Task details: Locate "this 1345×896 image." in the listing. Transcribe the line that contains it and every line that follows, through the last, omitting all pictures.

Data for processing:

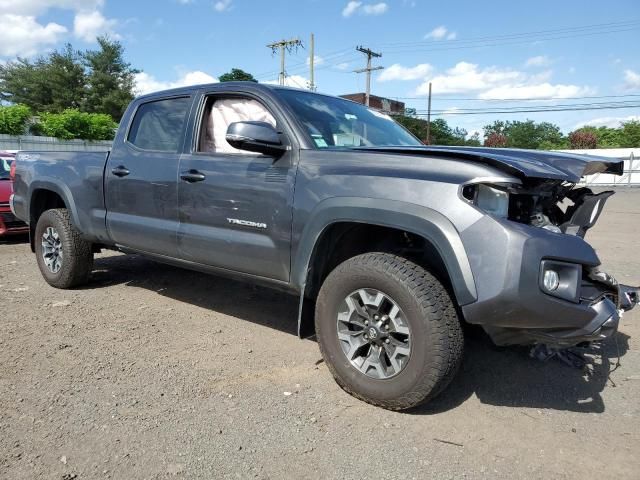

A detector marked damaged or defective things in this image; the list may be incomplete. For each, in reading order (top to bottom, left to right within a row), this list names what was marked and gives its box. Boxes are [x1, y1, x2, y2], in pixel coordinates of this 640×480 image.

broken headlight housing [460, 184, 510, 218]
damaged front bumper [460, 216, 636, 346]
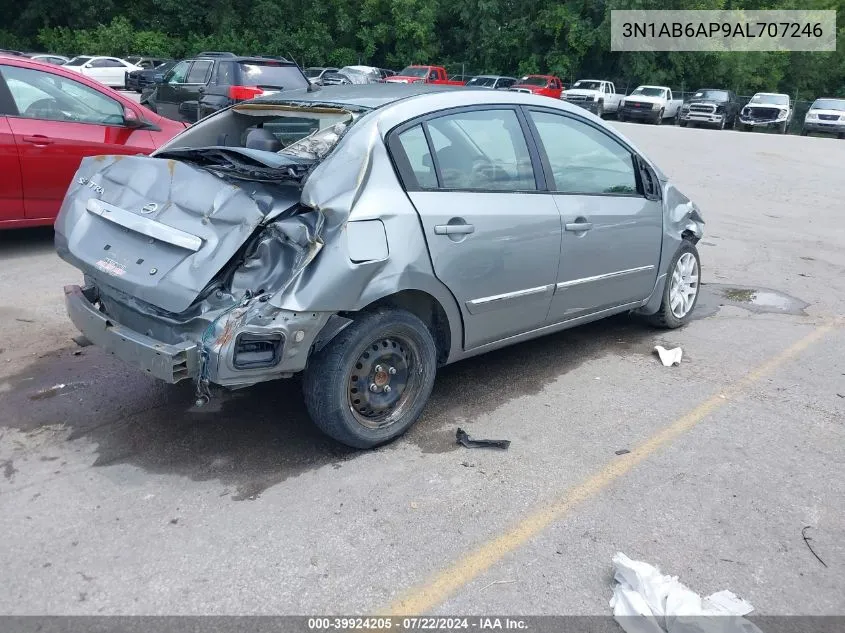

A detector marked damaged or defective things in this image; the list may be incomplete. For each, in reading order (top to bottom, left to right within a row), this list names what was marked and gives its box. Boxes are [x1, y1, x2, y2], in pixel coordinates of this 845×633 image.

crumpled trunk lid [53, 156, 304, 314]
damaged silver sedan [51, 84, 700, 446]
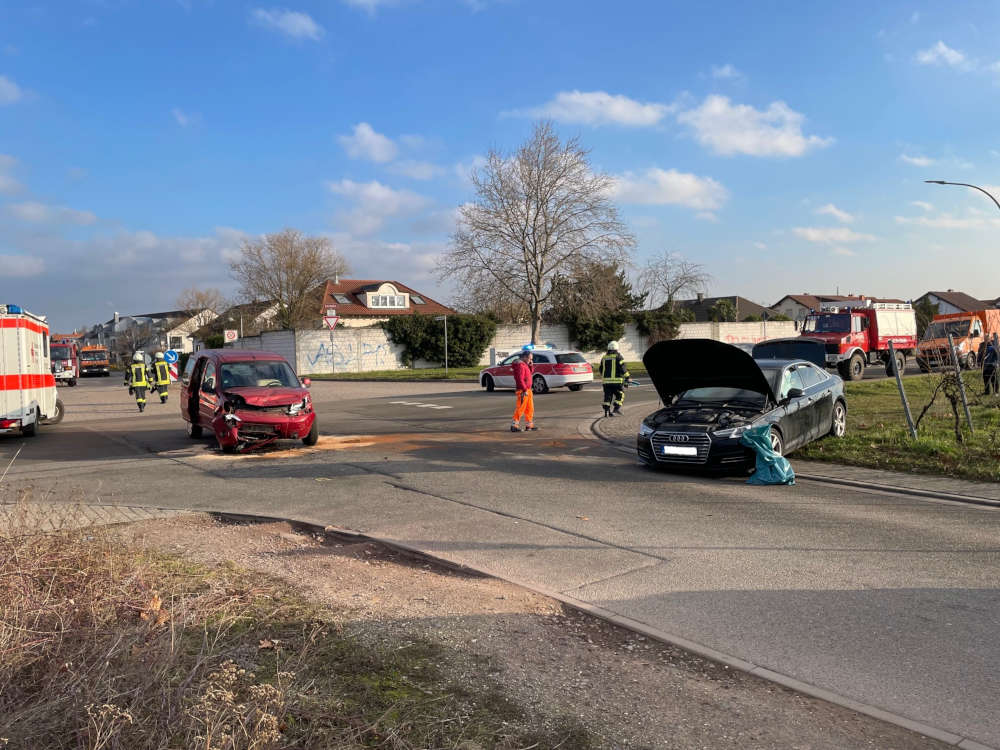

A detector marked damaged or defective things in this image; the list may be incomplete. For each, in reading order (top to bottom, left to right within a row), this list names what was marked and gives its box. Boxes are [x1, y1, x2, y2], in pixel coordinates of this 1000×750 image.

damaged red car front [180, 352, 318, 452]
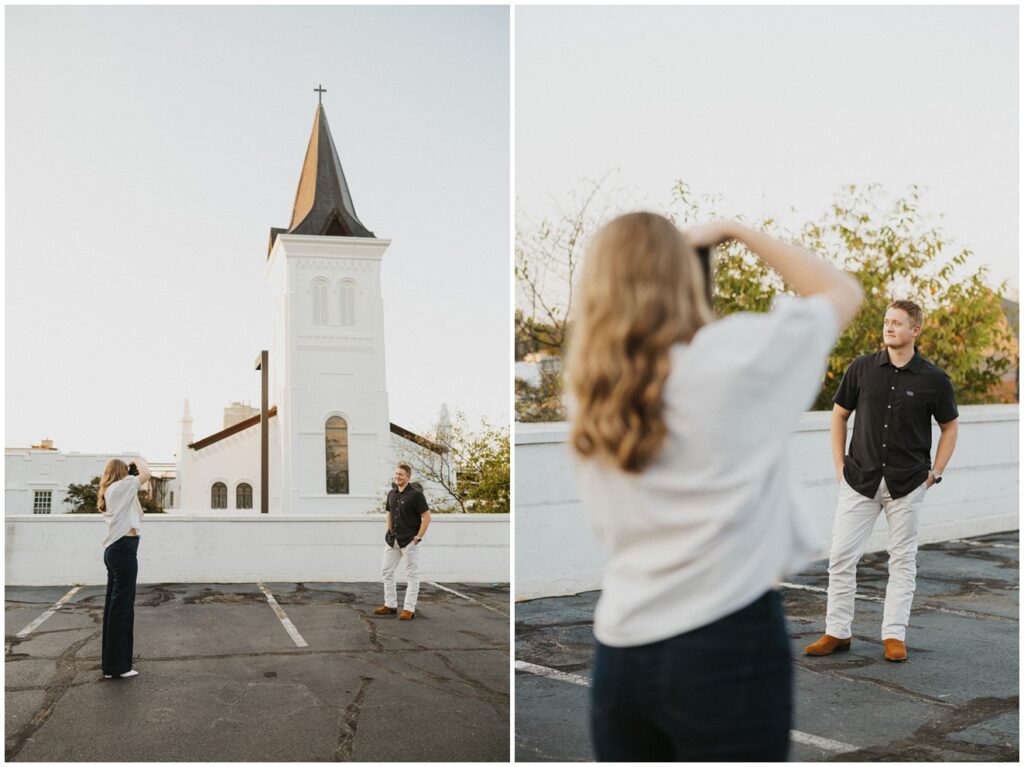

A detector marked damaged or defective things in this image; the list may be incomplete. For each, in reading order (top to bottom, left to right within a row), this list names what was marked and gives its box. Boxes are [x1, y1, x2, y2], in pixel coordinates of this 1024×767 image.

cracked asphalt [4, 584, 508, 760]
cracked asphalt [516, 536, 1020, 760]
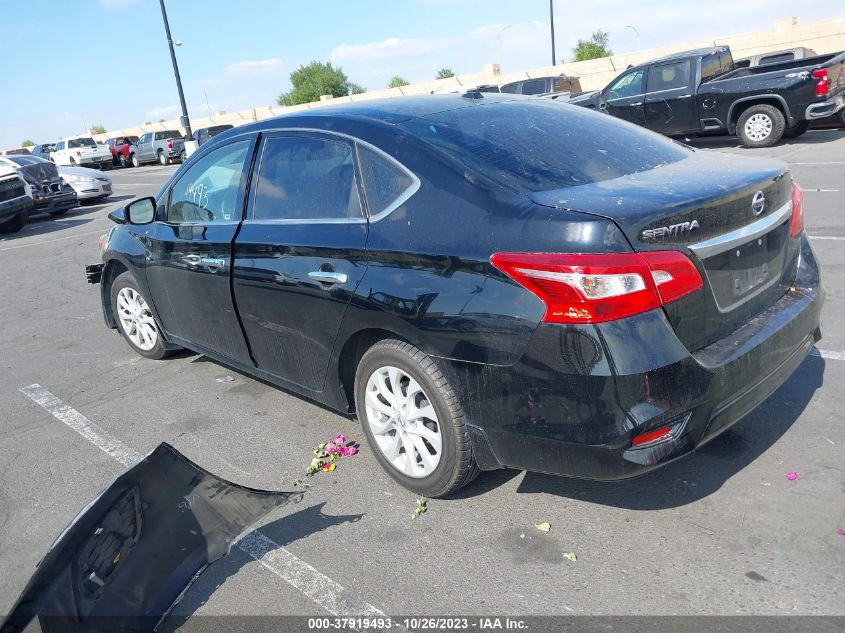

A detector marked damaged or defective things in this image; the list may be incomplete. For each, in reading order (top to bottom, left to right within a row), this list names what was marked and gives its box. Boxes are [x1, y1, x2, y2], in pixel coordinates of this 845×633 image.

detached black bumper cover [0, 444, 296, 632]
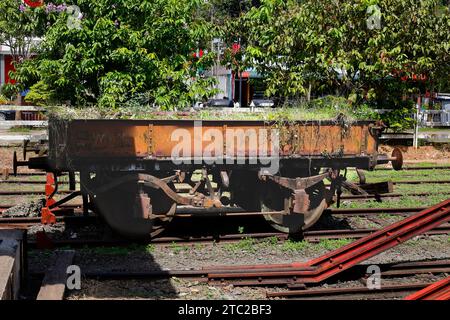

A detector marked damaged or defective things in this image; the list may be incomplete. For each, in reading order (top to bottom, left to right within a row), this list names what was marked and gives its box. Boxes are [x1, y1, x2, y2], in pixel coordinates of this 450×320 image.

rusty freight wagon [15, 117, 400, 238]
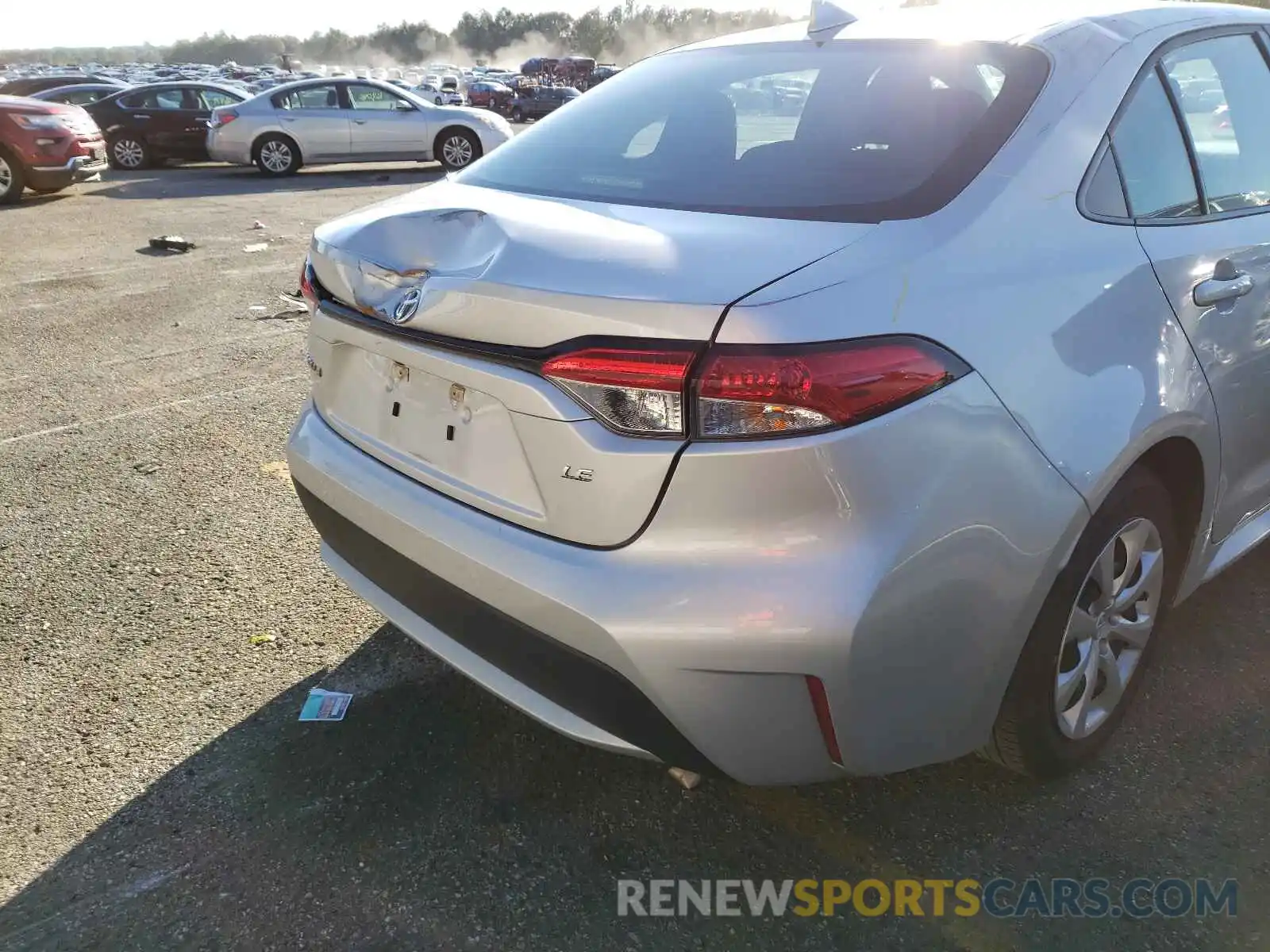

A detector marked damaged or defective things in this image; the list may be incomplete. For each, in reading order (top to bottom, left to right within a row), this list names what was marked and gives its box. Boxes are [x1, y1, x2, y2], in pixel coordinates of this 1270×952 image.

damaged trunk lid [302, 180, 868, 548]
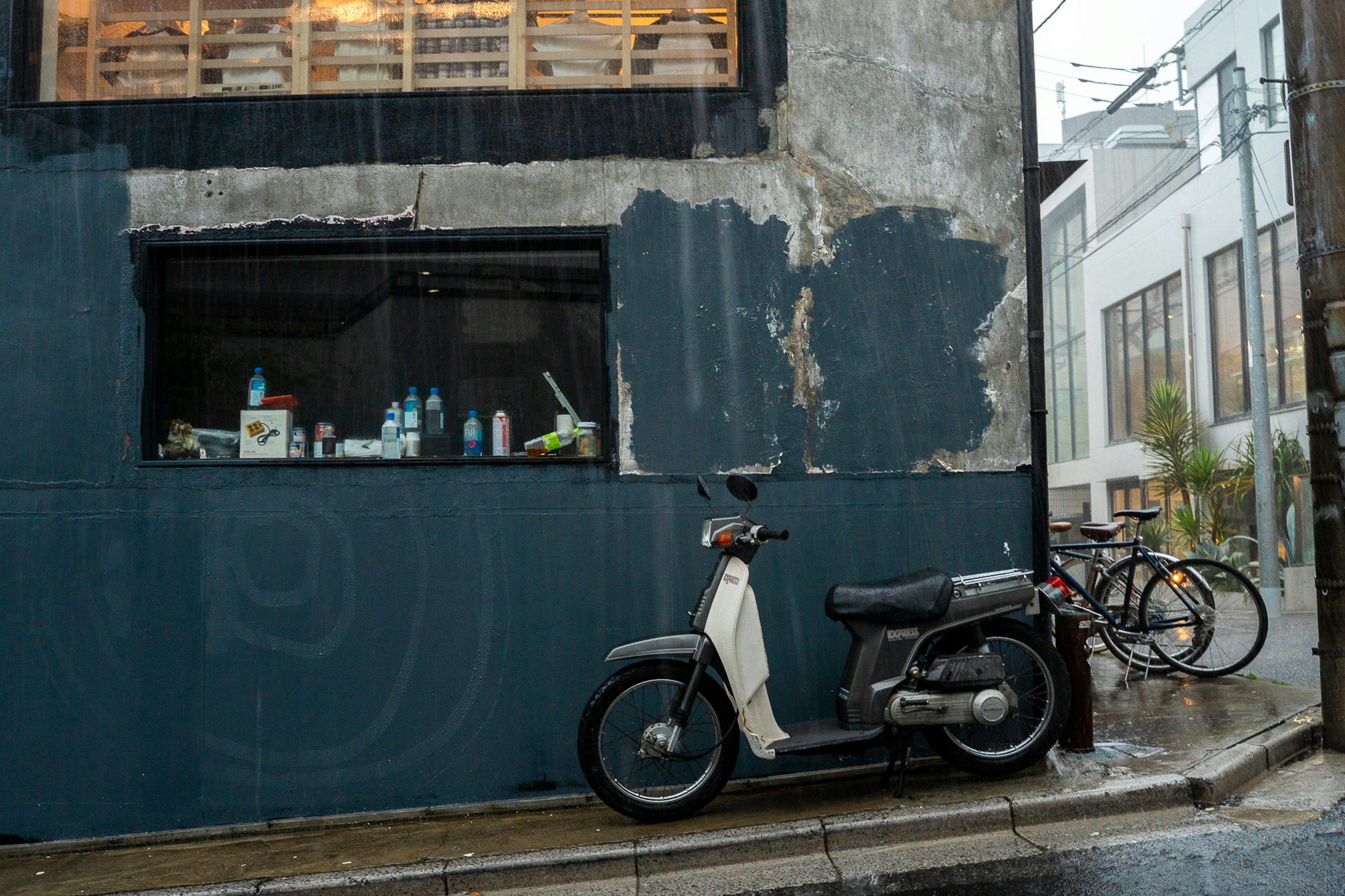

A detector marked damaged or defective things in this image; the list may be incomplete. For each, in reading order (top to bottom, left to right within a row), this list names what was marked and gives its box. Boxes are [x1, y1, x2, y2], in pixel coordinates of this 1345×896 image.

rusty metal pole [1280, 3, 1345, 748]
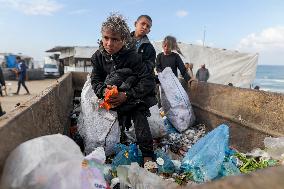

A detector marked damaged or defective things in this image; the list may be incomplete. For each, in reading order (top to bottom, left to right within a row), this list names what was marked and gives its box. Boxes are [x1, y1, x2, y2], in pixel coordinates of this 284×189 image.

Answer to the problem:
A detector marked damaged or defective things in this image; the list may be incomplete. For each, in reading order (top to bottom, left to right within a row), this list names what was marked and gives its box. Boxes are [x1, y1, x2, y2], in pixel coordinates of this 1345×896 image.

rusty metal pole [1280, 3, 1345, 748]

A detector marked damaged or defective things in this image; the list may be incomplete. For each, in reading order (top to bottom, left to right within a row), this list names what was marked and gives its box. Boxes are [x1, y1, x2, y2], in pixel coordinates of this 284×189 image.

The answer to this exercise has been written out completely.